Seperti yang dinyatakan sebelumnya, Ontario adalah satu-satunya provinsi di Kanada yang mengizinkan operator swasta untuk berbisnis di provinsi tersebut. Data ini sangat meresahkan, terutama untuk yurisdiksi provinsi di luar Ontario, dan menunjukkan bahwa industri perjudian online memiliki banyak pekerjaan yang harus dilakukan untuk mendidik masyarakat tentang pasar dan operator perjudian legal.

Orang Kanada kemungkinan besar bingung karena pasar abu-abu, atau operator lepas pantai ilegal, telah melakukan bisnis di negara tersebut sejak penciptaan Internet. Operator ini telah dinormalisasi bersama dengan penawaran dari perusahaan lotere provinsi.

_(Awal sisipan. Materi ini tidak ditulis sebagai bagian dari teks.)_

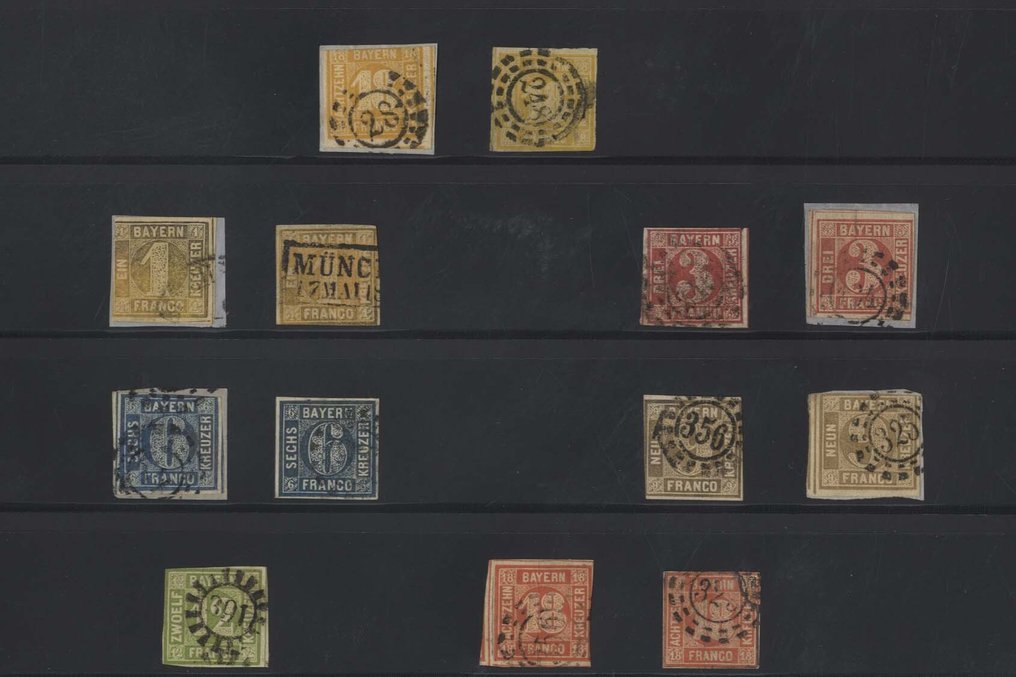 Bavaria - Bavaria high-quality collection with 5 x 18 Kreuzer coins #1.0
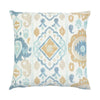 Schumacher Elizia Ikat Sky & Ochre 22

Saat orang Kanada bertaruh dengan sportsbook lepas pantai ilegal, simpanan mereka tidak dilindungi, kemenangan mereka mungkin tidak dibayarkan, informasi dan data pribadi mereka rentan, dan permainan mungkin tidak memiliki peluang yang adil dan kompetitif. Sportsbook lepas pantai juga tidak diwajibkan untuk menyediakan fitur pengaturan batas dan sumber daya perjudian bertanggung jawab lainnya kepada petaruh.

Penelitian sebelumnya

Juli lalu, Taruhan Olahraga Kanada melakukan survei yang menanyakan 1.222 responden dari Ontario tentang pandangan mereka tentang iklan perjudian, kekhawatiran, dan implikasi legal/ilegal dari taruhan dengan sportsbook tertentu.

Hampir 75% orang yang disurvei menganggap ada terlalu banyak iklan taruhan olahraga, tetapi lebih dari setengahnya mengatakan mereka tidak merasa terdorong oleh iklan untuk memasang taruhan.

Demografi Baby Boomer melihat iklan televisi dan ruang publik sebagai perhatian terbesar dengan margin hampir 10% (pangsa keseluruhan 32,9%), sementara Gen X memberikan sedikit keunggulan pada iklan media sosial (29,8%, sekitar 1% lebih banyak daripada TV) dan Milenium melihatnya sebagai pemimpin dengan margin yang signifikan (33,2%, sekitar 11% lebih banyak dari TV).

Lebih dari 55% responden yang tertarik dengan taruhan olahraga online mengatakan mereka tidak melakukannya, yang berarti orang kekurangan informasi yang diperlukan untuk memasang taruhan dengan operator terkemuka.

Responden juga tidak mengetahui situs taruhan olahraga mana yang legal atau ilegal. 51% dari mereka yang disurvei percaya bahwa BetMGM dan Bodog adalah buku olahraga resmi. Pada saat penelitian, BetMGM adalah sportsbook berlisensi di Ontario, dan Bodog tidak. Dan 35% responden mengatakan mereka tidak yakin apakah kedua sportsbook itu legal.